Collateral, starring Carey Mulligan (An Education, Suffragette and the iconic Doctor Who episode – Blink), John Simm (Life on Mars, Doctor Who), and Billie Piper (Penny Dreadful, Doctor Who, Yerma), airs tonight, 12th February at 9pm on BBC Two.
Created by Sir David Hare (The Hours, The Reader) and directed by SJ Clarkson (Dexter, Jessica Jones, Love Nina, Toast), the four-part drama follows the fallout from the seemingly unimportant murder of a pizza delivery man, Abdullah Asif (Sam Otto). Detective Inspector Kip Glaspie (Casey Mulligan) refuses to accept this as just another act of senseless violence and tracks down the truth behind the young man’s death. The scene becomes more complex as the plot twists and turns around issues relating to immigration, politics and even religion.
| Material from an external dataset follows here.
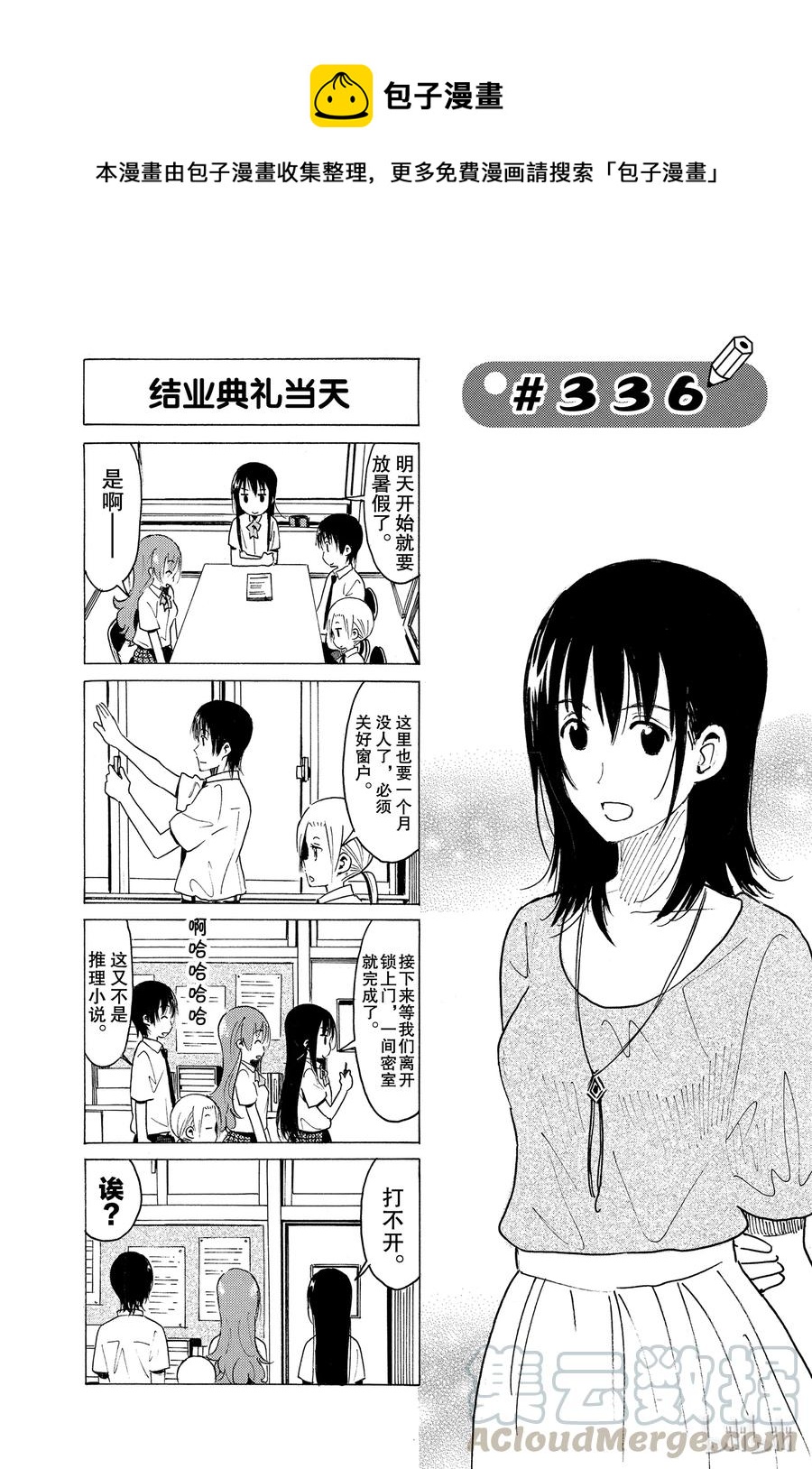 櫻才學園學生會 - 351 - 1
John Simm portrays MP David Mars, who becomes instantly involved when he arrives to comfort his troubled and unpredictable ex-wife Karen (Billie Piper), a customer on the scene at the murder. Jane Oliver (Walker), a compassionate vicar, becomes embroiled with the crime as she struggles to conceal her affair with the only witness to the crime.
Billie Piper had a few words to discuss about her part in this exciting new series.
How did it feel to be taking on a role in a David Hare drama?
It’s funny because before I worked with him, David Hare was the famous writer whose plays, films and work I had always loved – and so it is extremely weird to be suddenly talking about and be involved in something he has created. It’s thrilling and I couldn’t agree more with what people say about David’s ability to write incredible female characters. He really does flesh out the complexities of a woman as well as some of the ugliness.
What it was about the role of Karen Mars that attracted you?
I liked that Karen was a complex woman, I always find that the most appealing thing in a script. She has obviously lived a difficult life and has been damaged by her past. She has lived with addiction and a devotion to a man who didn’t love her and, unsurprisingly, she isn’t a particularly nurturing mother. It is Karen who kick-starts this entire story; she gets it all rolling and she is such a great character – a woman of many faces who is beautifully written.
Were you pleased to be reunited with John Simm on this project?
I’ve known John since I was 16 and I have admired him as an actor since I first saw him in Human Traffic. He is one of those very rare, down-to-earth men who also happens to be an actor. He is a man before he is an actor which is something I always find really refreshing.
My character and John’s character share a volatile relationship in the drama: it’s sexy and aggressive, it’s loveless, but it is her passion. She lives to pursue this dead love, and it’s really tragic. John’s role is a brilliantly written part as well – he has this very important job as a politician but here we see him be vulnerable and make mistakes.
How did you find filming in London?
I have a love affair with London I can’t ever shake. It always impressed me so much growing up, and I have always felt so lucky to live and work here. There have been a lot of things recently that have made London feel more threatening than it has normally but I am behind it and I believe in the city. I am not going anywhere.
There are lots of things about London that blow my mind, that I can never get over. I am from a small town that looks totally different to London, so I was always shocked as a child how somewhere that was only 50 minutes down the motorway could be so different in culture, diversity and opportunity, and how it could contain so many different worlds, all coexisting. It still blows my mind.
This show encapsulates all of that. It shows London in all of its ugly truths and, at times, it feels very underworld even though these are things that are happening on our streets all the time at the moment. The drama is a controversial, state of the nation piece and also a thriller which, if written well, are two things which coexist beautifully.